How cnpm rapid Accelerates npm Installations by Up to 10× with FUSE and Overlay
This article explains the implementation principles of cnpm rapid mode, demonstrates how server‑side dependency‑tree generation, high‑speed downloading, tar‑based disk I/O, and a FUSE‑backed overlay filesystem together achieve up to ten‑fold faster npm installations and seamless CI/CD integration.
Background
The speaker, a Node.js engineer from Ant Group, shares the implementation details of the cnpm rapid mode, which was previously presented at SEE Conf as a method for second‑level npm installation speed.
Table of Contents
The talk is divided into three parts: analysis of cnpm rapid mode, how enterprises can integrate rapid mode to accelerate CI/CD, and how to contribute to the open‑source project.
cnpm rapid Mode Analysis
Performance comparison shows that cnpm rapid is up to 10× faster than the slowest npm, and 3× faster than the fastest pnpm and regular cnpm.
The benchmark environment includes a set of internal tests.
npm installation consists of four main steps: dependency‑tree generation, package download, extraction to node_modules, and script execution/permission changes.
Dependency tree generation
Package download
Package extraction to node_modules Other scripts and permission changes
Key bottlenecks are identified:
2211 registry requests to build the dependency tree.
2211 package downloads.
Extraction of tar.gz packages into many small files.
Network request optimization is achieved by moving dependency‑tree generation to a server‑side service that caches metadata in memory and distributed caches, reducing the process to a single HTTP request.
Disk I/O is optimized by writing tar.gz files directly to disk, avoiding the overhead of many small file writes. Since npm packages are typically ~16 KB tarballs that expand into many small files, writing a single large file is much faster.
To keep the filesystem read‑only for the tar buckets while allowing writes, a FUSE‑based user‑space filesystem (Nydus) is used together with an overlay filesystem (lower read‑only layer, upper writable layer, merged view).
Integrating rapid mode to accelerate CI/CD
The CI/CD integration consists of three steps: server‑side dependency‑tree generation, high‑speed package download and tar writing, and constructing a read‑write node_modules using Nydus and overlay.
Dependency‑tree generation uses @npmcli/arborist on the server with caching to speed up metadata retrieval.
Installation can be done by integrating npminstall with npmfs, following three steps: send package.json to the server, download and write packages with the optimized downloader, then construct node_modules via Nydus and overlay.
Send package.json to generate the dependency tree.
Download packages with the optimized writer.
Build node_modules using Nydus and overlay.

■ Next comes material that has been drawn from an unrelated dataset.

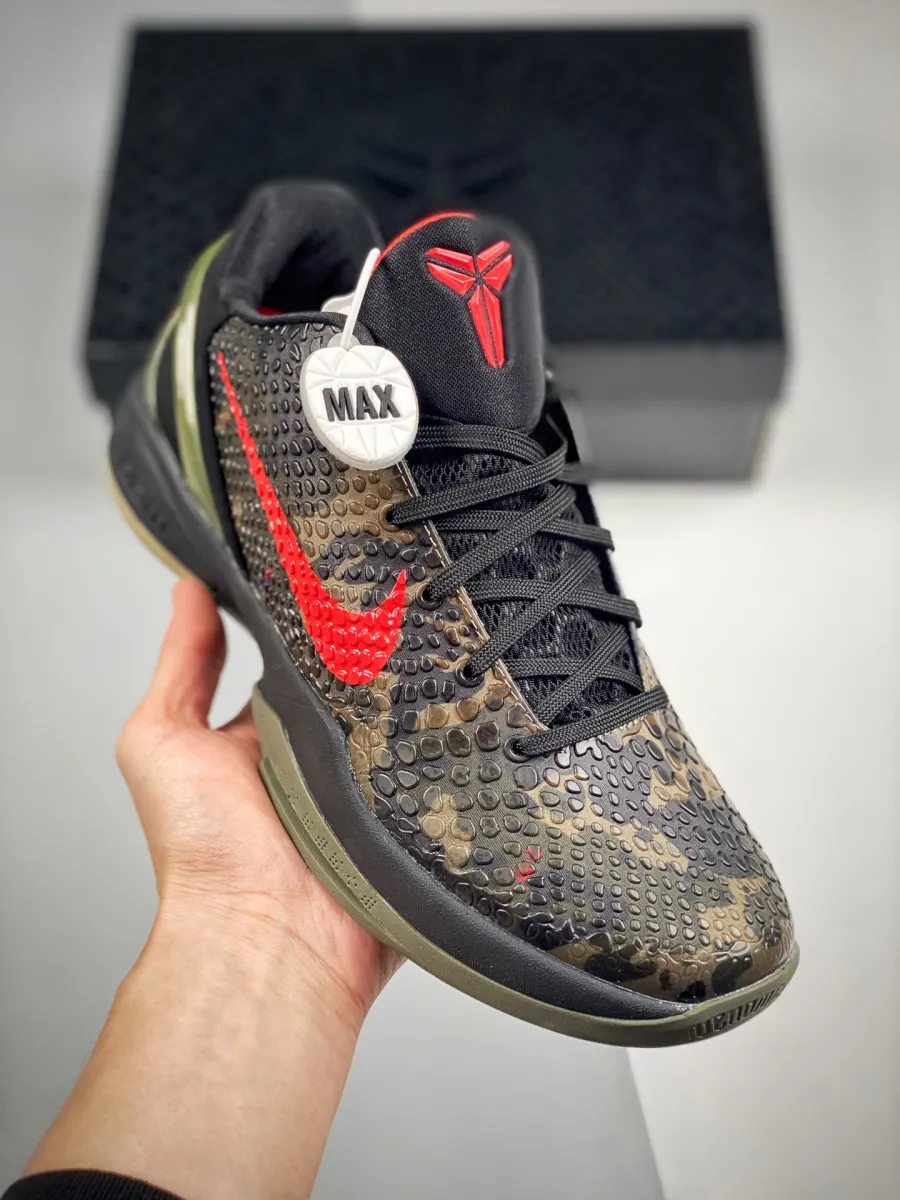 Nike Kobe 6 'Italian Camo' Black/Khaki-Olive-Crimson 429659-900 / kobe 6 italian camo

Pre‑install scripts must run in the upper writable layer before the overlay is merged; install and post‑install scripts run after the merge.
In Docker containers, enabling the FUSE device allows the overlay filesystem to work.
How to contribute to cnpm rapid
The project is open‑source on GitHub (cnpm and npminstall repositories). Contributors can help improve macOS stability, enhance the FUSE/overlay stack, and add features.
Project URLs:
https://github.com/cnpm/cnpm
https://github.com/cnpm/npminstall
Future Plans
Future work focuses on macOS process keep‑alive, stable upper‑layer filesystem, and aligning the developer experience with Linux CI/CD pipelines.
The ecosystem now has multiple npm installers (npm, pnpm, yarn, cnpm). Standardization is needed; corepack already bundles npm, pnpm, and yarn, and a TC39‑style governance model could further improve consistency, security, and user experience.